Last March, Tarek Atoui, the internationally acclaimed Paris-based sound artist, stood before a platter of electronic dials, sliders, and sensors embedded into an unlabeled control deck in the front of Meyer Sound’s private performance space in Berkeley. As if communicating with the self-made instrument through gesture, Atoui’s hands flitted from one electronic appendage to the next, theatrically activating a random selection of field recordings that flooded through the venue’s impeccable sound system. It was difficult to distinguish how much of the piece was spontaneous and how much was calculated. Like most of his work, Atoui’s performance style is experimental in two senses — driven both by artistic intuition and scientific investigation.
That performance came at the beginning of an eight-month residency at the Berkeley Art Museum and Pacific Film Archive (BAMPFA) that Atoui will soon culminate with a series of three more performances. While the museum’s new building has been under construction, Atoui has been working offsite on an unusual installment of its MATRIX series, which often features artists at the conceptual forefront of their fields. For the residency, Atoui worked with Greg Niemeyer, the director of the Berkeley Center for New Media, and a seminar of his Cal students to develop instruments specifically designed for deaf and hearing impaired players and audiences.

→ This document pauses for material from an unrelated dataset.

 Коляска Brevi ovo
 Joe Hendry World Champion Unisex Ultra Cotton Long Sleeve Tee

During the past two years, Atoui — whose interdisciplinary practice lies at the intersection of musical composition, sound art, educational public practice, curating, and instrument design — has devoted himself to developing an understanding of sound that transcends the auditory experience. In 2012 and 2013, Atoui worked with a school for deaf children in the Emirate of Sharjah to test the students’ experience of sound. He and supporting researchers found that the children much preferred the drum over any other instrument because it can be felt throughout the body. They learned that the students identified “noisy” spaces as banks and post offices — echo-y places where it’s difficult to isolate where sound waves come from. And they found that sight was integral to the students’ understanding of sound. When given recorders and asked to record “noise,” the children were drawn to things that are considered noisy even when they weren’t making any sound — such as a silent police siren. Still, when these recordings were amplified into a weather balloon, many of the students could identify their own recordings based on the vibrations they felt.

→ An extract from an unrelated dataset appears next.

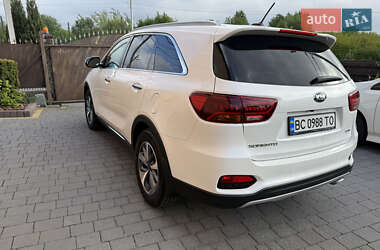 Внедорожник / Кроссовер Kia Sorento 2018 в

With these realizations in mind, Atoui entered into collaboration with UC Berkeley students to develop instruments using a reconfigured understanding of both performing and listening that focused on tactility and gesture. The instrument “Zero Point Nine” is made of up three platforms, each housing three subwoofers, on which the performer stands, activating motion sensors to manipulate complex digital synthesizers that generate sub-bass and infrasounds — extremely low frequencies that vibrate through the body. The “SuperPac” is made up of three percussion tables that primarily generate bass connected to a large subwoofer and a set of vibrating chairs so that audiences can more directly feel the sound. “Sometimes you say, ‘This instrument needs to be experienced with an amplifier,’ or ‘This instrument is to be plugged in on a stereo system,” said Atoui. “So this one is to be plugged into a chair that has a subpac, in other words, a subwoofer you sit on.” The instruments will be played publicly for the first time in a performance called WITHIN 2 on November 5 at the Mills College Student Union, with two more performances on November 7 in the Hearst Mining Building at UC Berkeley.
While those performances will culminate Atoui’s BAMPFA residency, they are just one set of experiments in his ongoing attempt to understand the experience of sound from a deaf person’s perspective. Next, he plans to work with deaf people to get feedback on how the instruments feel. Eventually, he hopes to incorporate these instruments into an orchestra made up of hearing, deaf, and hearing-impaired players. But that offers another set of obstacles in itself. “Deaf people often feel that they are not concerned with music and instruments … [so] you have to overcome several psychological barriers in a way,” Atoui explained. He’s also interested in exploring how the gestural aspect of performing can operate as a visual vocabulary similar to sign language. “I’m barely scratching the surface yet, I think,” said Atoui. “That’s my intention … unlearning the way I do things by learning from deaf people.”